Spät, aber kommt: Das Interview mit Tim Kasher, 29, dem sympathischen Frontmann der Band aus Omaha, Nebraska, die seit zwei, drei Jahren gern gesehener Gast auf deutschen Bühnen ist und zuletzt mit „The Ugly Organ“ ein wunderschönes Album veröffentlichte. Natürlich auf Saddle Creek, dem Label aus ihrer Heimatstadt, dessen Popularität sicher auch zur Beliebtheit von CURSIVE beigetragen hat (und vice versa). CURSIVE sind für mich so was wie die Fortsetzung des D.C.-Post-Hardcore-Sounds an anderem Ort zu anderer Zeit mit leicht veränderten Mitteln, grundsympathisch, mitreißend und integer. Vor dem Konzert im Kölner Gebäude 9 saß ich mit Tim Kasher und Saddle Creek Germany-Mann Jens Schewe in der kuschligen Sitzecke des Nightliners, und noch bevor ich das Aufnahmegerät aufbauen konnte, waren wir auch schon mitten im Gespräch. Ja, ein Gespräch, nicht wirklich ein Interview, man unterhielt sich mehr, als dass ein Frage-Antwort-Spiel stattfand, und davon bin ich Fan.
"Ich frage mich ja seit langem, warum die Städte auf meiner amerikanischen Deutschlandkarte andere Namen haben als auf deutschen Karten – bei mir steht Cologne statt Köln, Munich statt München, Nuremberg statt Nürnberg.“
Hm, eine gute Frage. Aber die Deutschen machen das ja auch, denn früher schrieb man zum Beispiel Chikago und San Franzisko.
„Ja, aber werden in Deutschland nicht beide Schreibweisen von Köln verwendet?“
Nein, Cologne wird im Deutschen nicht verwendet, nur sind manche Karten eben zweisprachig. Und da Englisch nun mal die Weltsprache ist ...
„Okay, ich verstehe. Und noch eine andere Sache: Mir fiel auch auf, dass man immer seltener ‚ß‘ als Buchstabe sieht, etwa bei Straße/Strasse. Ich habe das Gefühl, da wird leichtfertig eine interessante sprachliche Eigenheit aufgegeben. Als wir das letzte Mal auf Tour waren, lief da wohl eine Diskussion, das ganz aufzugeben, oder verstehe ich da was falsch?“
Nein, ganz so war das nicht, das hat was mit der Rechtschreibereform und ähnlichen deutschen Eigenheiten zu tun, aber das ist ein ganz anderes Thema. Aber wie kommt es, dass du dich für so was interessierst?

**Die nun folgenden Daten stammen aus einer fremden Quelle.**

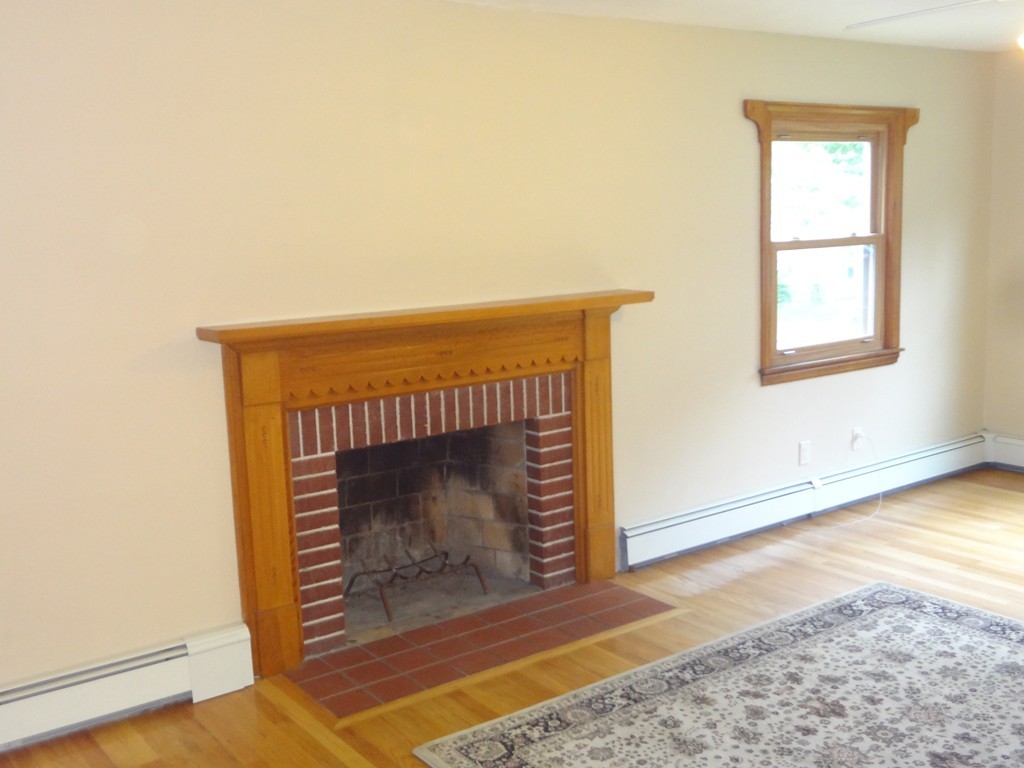 27 Bennington Street Springfield, MA 01108 - Photo 7 of 20 a living room with a fireplace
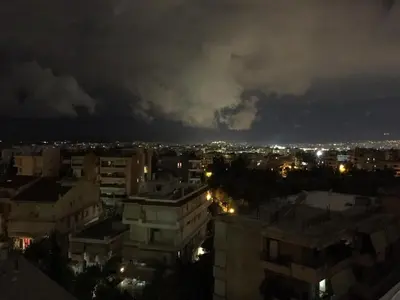 a view of a city at night with storm clouds at Sunny Elegant Studio in Athens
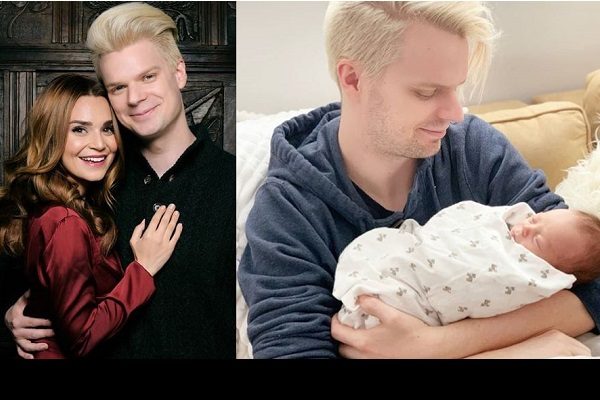 mike with his wife and holding his son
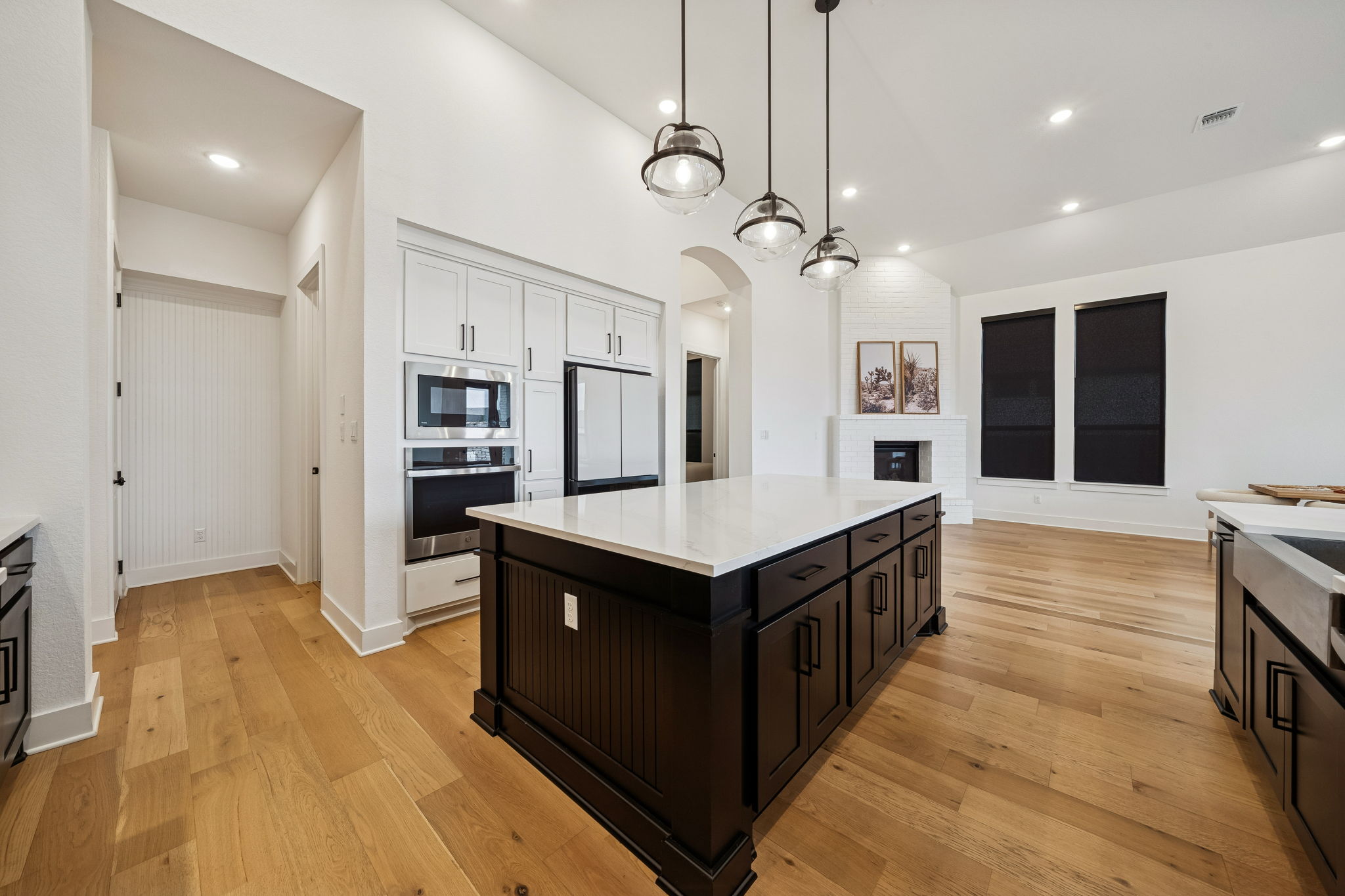 269 Iron Crk Way Kyle, TX 78640 - Photo 8 of 32 a kitchen with stainless steel appliances granite countertop a sink and a wooden floor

„Mich beschäftigen solche Sachen einfach, ich beobachte das und frage die Leute auch danach. Mein Eindruck war hier etwa, dass die Deutschen voreilig Kompromisse eingehen und sprachliche Eigenheiten aufgeben, aber ganz so ist das ja dann doch nicht. Ich will einfach den Eindruck vermeiden, dass wir tumbe Amerikaner sind, die immer und überall davon ausgehen, dass jeder unsere Sprache spricht. Von daher finde ich es auch interessant irgendwo zu reisen, wo nicht jeder automatisch Englisch spricht – in Deutschland ist das der Fall, je weiter man Richtung Osten kommt.“
Ich sehe das eher positiv: eine gemeinsame Sprache bringt die Leute zusammen, hilft einander zu verstehen.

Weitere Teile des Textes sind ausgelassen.